If for some reason a web browser window does open, just navigate to the address that is printed to the terminal after running the above commands.

You should now be presented with a screen that looks like this

streamformatics entry form

The steps from here should be self-explanatory. Provide the directory that your nanopore reads are being deposited into (the application will watch subdirectories so feel free to enter a main directory for your experiment).

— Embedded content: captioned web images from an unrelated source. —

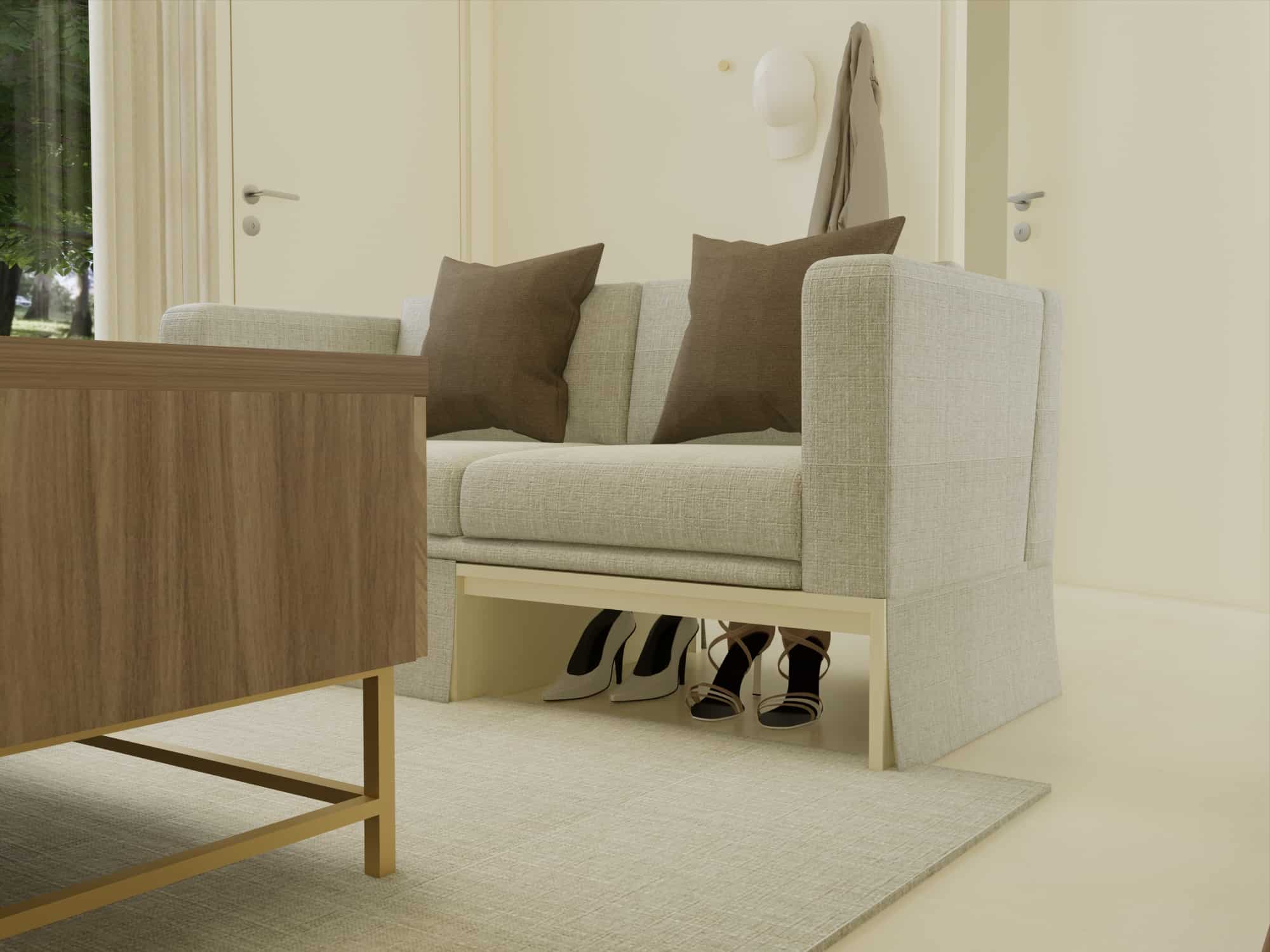Storage under Sofa 2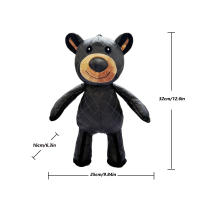 Juguetes De Peluche Para Mascotas Robustos Oso De Tela Interactivos Juguetes Squeaky Para Perros Animal De Peluche - details 7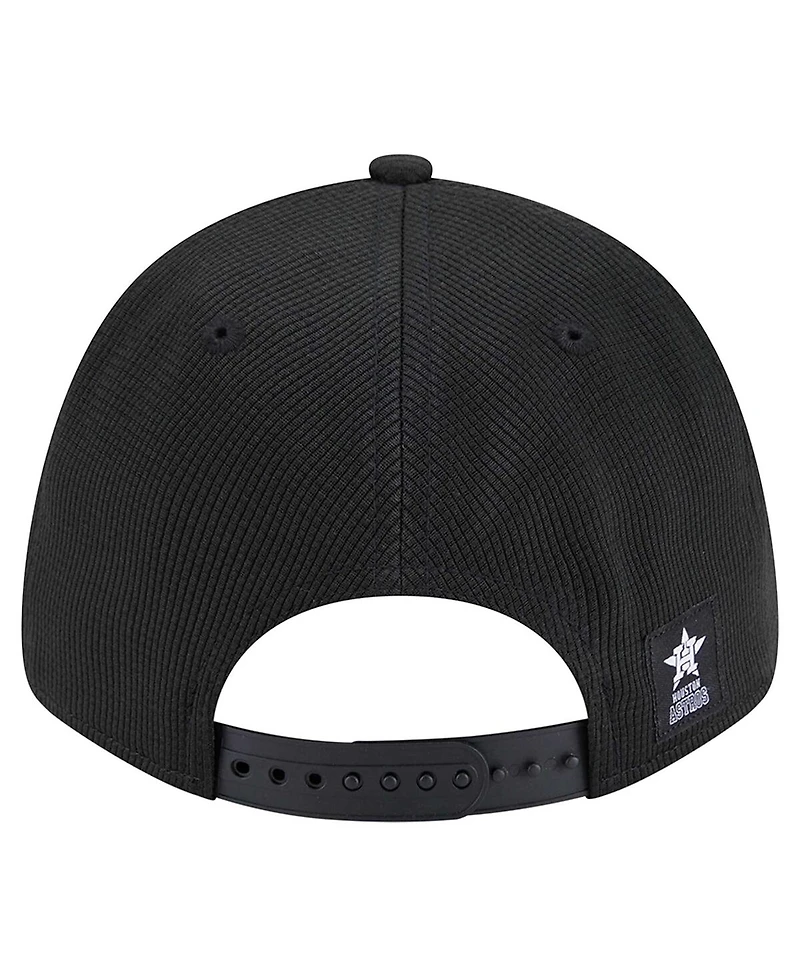 New Era Men's Black Houston Astros Pivot 9FORTY Adjustable Hat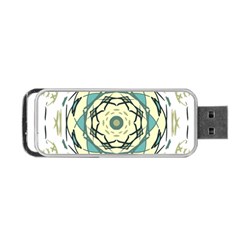 Circle Vector Background Abstract Portable Usb Flash (one Side)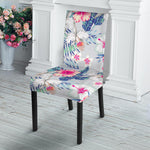 Hibiscus Orchids Hawaii Pattern Print Dining Chair Slipcover
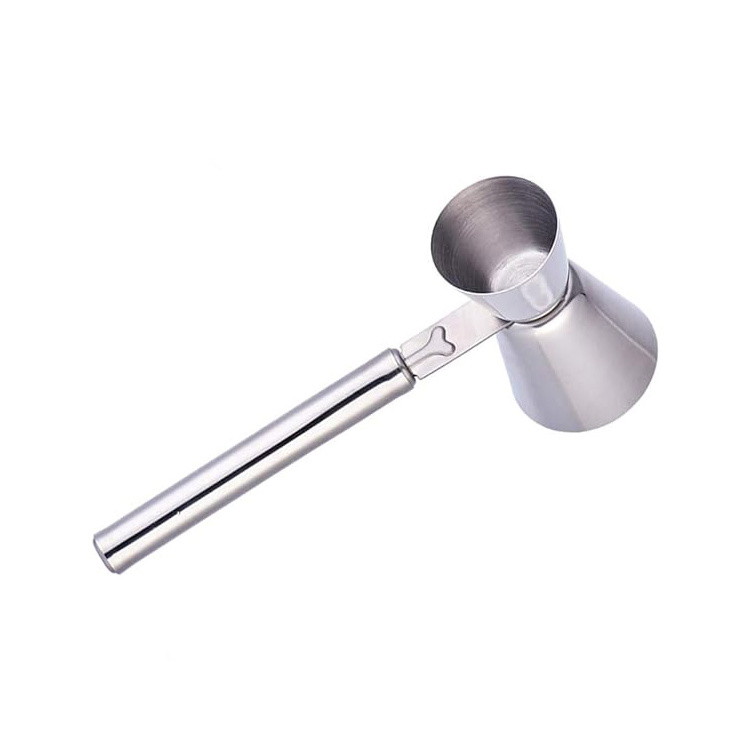 Stainless Steel Double Jigger With Handle Bar Tools Custom Stainless Steel Metal Double Jigger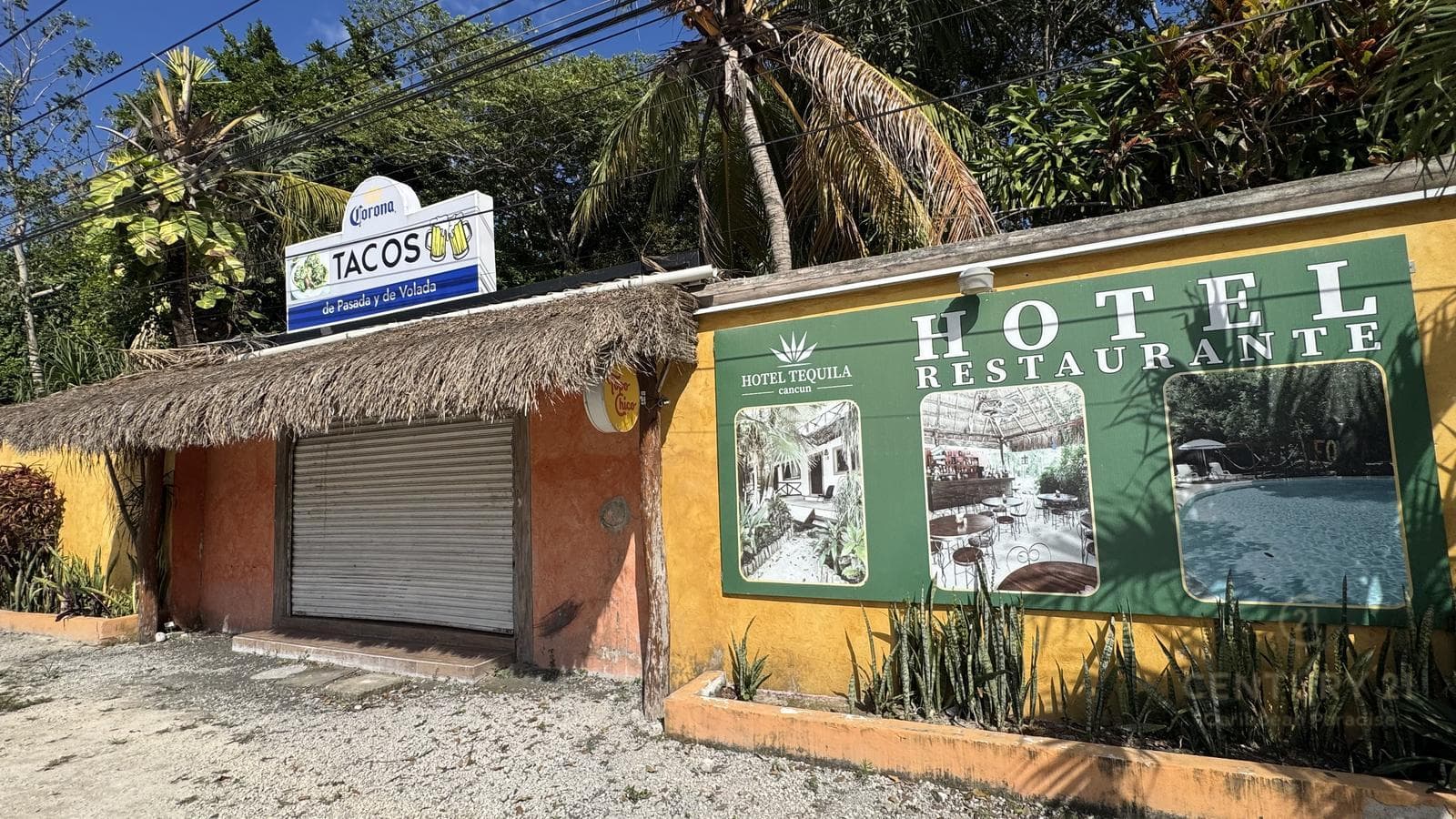 Land for Sale with an Operating Hotel – Commercial Use in Cancún, Near the Airport C4128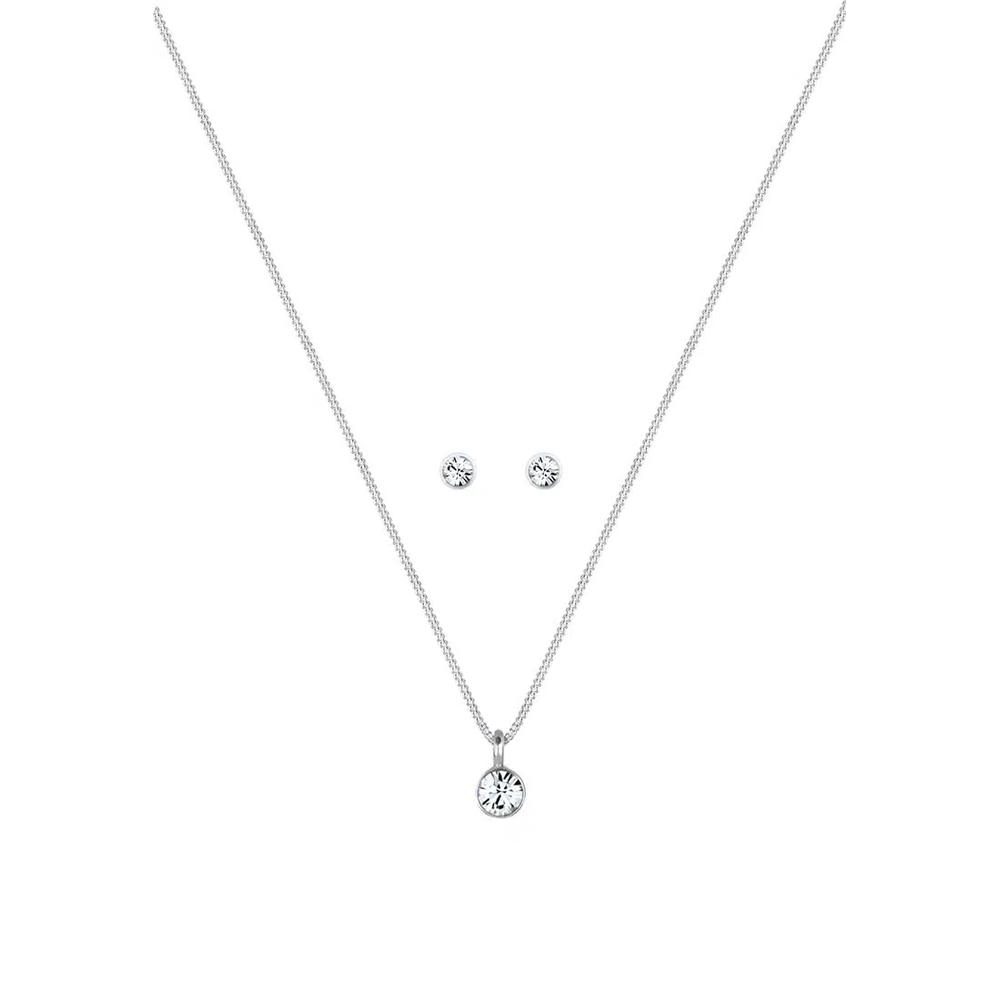 Кулон с кристаллом Swarovski® – серебро 925 пробы 2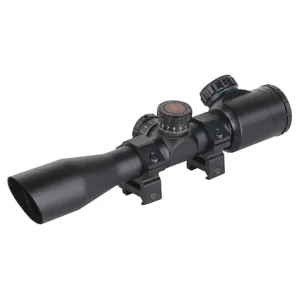 TRUGLO Tru-Brite Rifle Scope 4x 32mm Illuminated Mil Dot Reticle Matte Black - Rifle Scope - view 1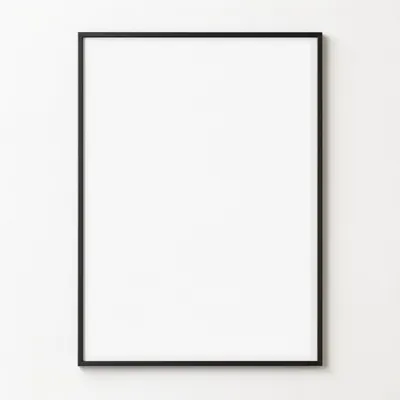 Blank Poster Frame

The reason for needing to specify FASTQ or FAST5 is that if you don't alter the startup scripts for minKNOW, the local basecalling will only create a FASTQ file every 4000 reads. Therefore if you are wanting to know the details of what species you have in 'real-time' you can either alter those scripts (which can be annoying) or select the FAST5 option and the FASTQ file within each FAST5 will be extracted and fed into minimap2 as soon as it is produced.

I would also recommend writing the log files (set by default). These files include the stderr from all the pieces in the pipeline (very handy if debugging is required) and most importantly, this will give you a copy of the output from the species-typing that is also being represented in the visualisation.

streamformatics visualisation

After selecting Start Analysis the form will disappear and (eventually) the donut chart and a table representing the species present, based on the data so far, will appear.

When you're done with your experiment, go to the terminal tab that is running the server and press ctrl-c. If you want to restart, do this followed by npm start.